Peggy Nash Wants to be Your First NDP Prime Minister




Peggy Nash Wants to be Your First NDP Prime Minister

NDP finance critic throws her hat in the ring for party leadership, but is setting her sights even higher.

Peggy Nash launches her bid for NDP leadership. On the platform behind her, from left to right, Councillor Sarah Doucette (Ward 13, Parkdale-High Park), Cheri DiNovo (MPP Parkdale-High Park), Councillor Gord Perks (Ward 14, Parkdale-High Park), and Mike Sullivan (MP York South-Weston) look on.

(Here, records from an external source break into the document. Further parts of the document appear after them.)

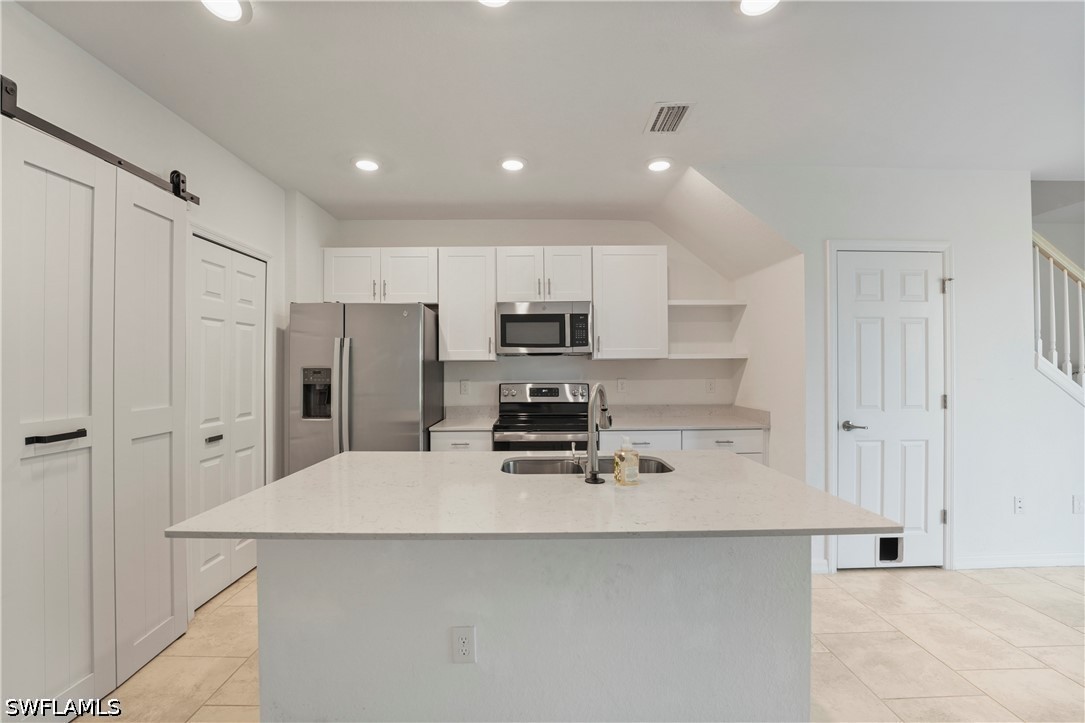 3 Bed Townhouse for Sale in Portico, photo 5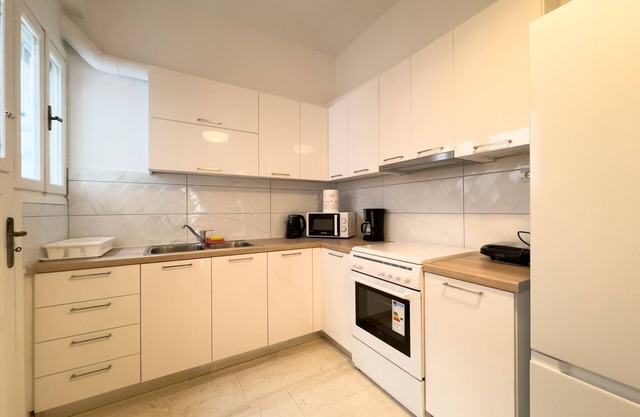 Gtrip Nea Smyrni Apartment - 3421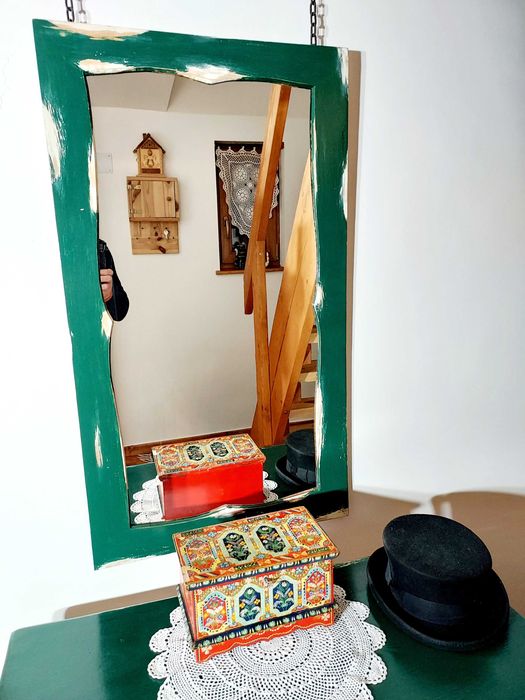 Lustro i stolik unokatowy komplet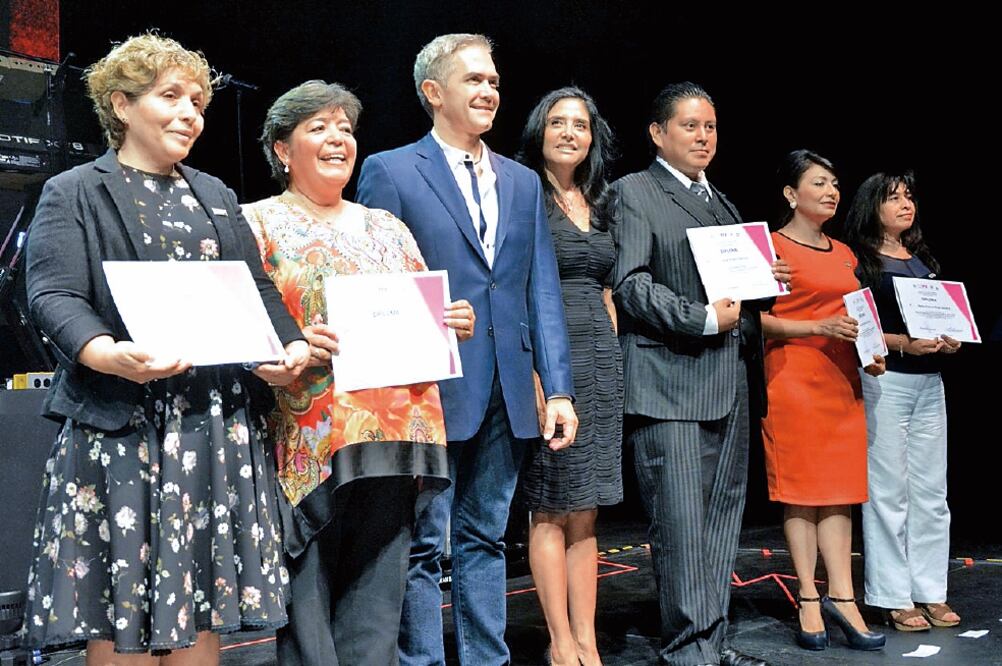 El jefe de Gobierno Miguel Ángel Macera festejó a los maestros con una comida y un baile en el World Trade Center (ESPECIAL)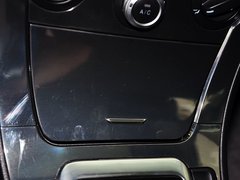 中华V5 2014款 1.5T 自动 四驱尊贵型 5座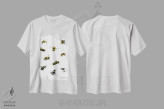 تیشرت سفید طرح دار زنبورها، هنر فاخر معاصر اثر هوم لایک آرت | immage.ir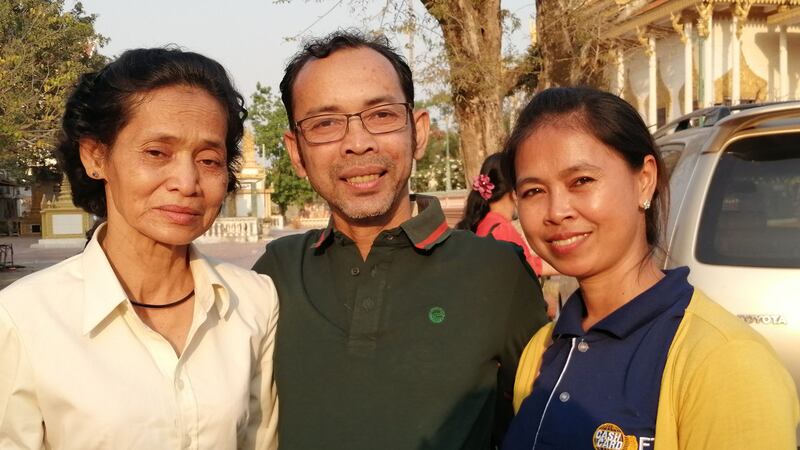 លោក ម៉ៃ ហុងស្រៀង សកម្មជនបក្សប្រឆាំង ម្ដាយ និងប្រពន្ធ ទៅទទួលលោកពេលចេញពីពន្ធនាគារព្រៃស នៅថ្ងៃទី៣ ខែមេសា ឆ្នាំ២០២០។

As widely expected, Peggy Nash, the NDP’s finance critic and MP for Parkdale-High Park, took to the floor of the Gladstone Hotel yesterday morning and entered the race to succeed Jack Layton as leader of the federal NDP. And Nash came out swinging: yes, she will need to win party members’ support in the NDP’s leadership vote next March, but that’s only part of what she’s after. On top of that, as she told the gathered crowd of supporters and media, Nash wants your vote to replace Stephen Harper as the prime minister.

After teasing the announcement with introductions by three successive speakers, Nash wasted no time upon taking the spotlight. “I’m entering the race because I believe the next prime minister of Canada must be able to do two key things. First, she’s going to have to make sure that our economy works to the benefit of all Canadians, not just the few at the top. But secondly, in order to do that, she’s going to have to be able to keep the Canadian economy stable and make it stronger,” said Nash, interrupted by a solid 20 seconds of thunderous applause at the first “she.”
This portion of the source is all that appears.